* [Materials provided]:
# # # #
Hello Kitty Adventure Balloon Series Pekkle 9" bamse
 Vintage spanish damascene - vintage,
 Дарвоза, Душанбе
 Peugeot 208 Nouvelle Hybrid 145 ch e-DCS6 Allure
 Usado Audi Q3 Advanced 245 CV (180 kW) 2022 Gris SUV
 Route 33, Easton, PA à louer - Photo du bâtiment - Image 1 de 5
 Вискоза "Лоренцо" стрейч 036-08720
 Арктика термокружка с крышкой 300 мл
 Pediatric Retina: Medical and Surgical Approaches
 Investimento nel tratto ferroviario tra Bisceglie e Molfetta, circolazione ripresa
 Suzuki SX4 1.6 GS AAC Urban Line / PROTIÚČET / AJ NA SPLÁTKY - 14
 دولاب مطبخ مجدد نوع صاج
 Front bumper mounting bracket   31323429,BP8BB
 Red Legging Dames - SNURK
# # # #
* [Exercise]: Go to the line holding "Дарвоза, Душанбе" in the entries above and return it, along with every line after it, exactly as written.

* [Task result]:
 Дарвоза, Душанбе
 Peugeot 208 Nouvelle Hybrid 145 ch e-DCS6 Allure
 Usado Audi Q3 Advanced 245 CV (180 kW) 2022 Gris SUV
 Route 33, Easton, PA à louer - Photo du bâtiment - Image 1 de 5
 Вискоза "Лоренцо" стрейч 036-08720
 Арктика термокружка с крышкой 300 мл
 Pediatric Retina: Medical and Surgical Approaches
 Investimento nel tratto ferroviario tra Bisceglie e Molfetta, circolazione ripresa
 Suzuki SX4 1.6 GS AAC Urban Line / PROTIÚČET / AJ NA SPLÁTKY - 14
 دولاب مطبخ مجدد نوع صاج
 Front bumper mounting bracket   31323429,BP8BB
 Red Legging Dames - SNURK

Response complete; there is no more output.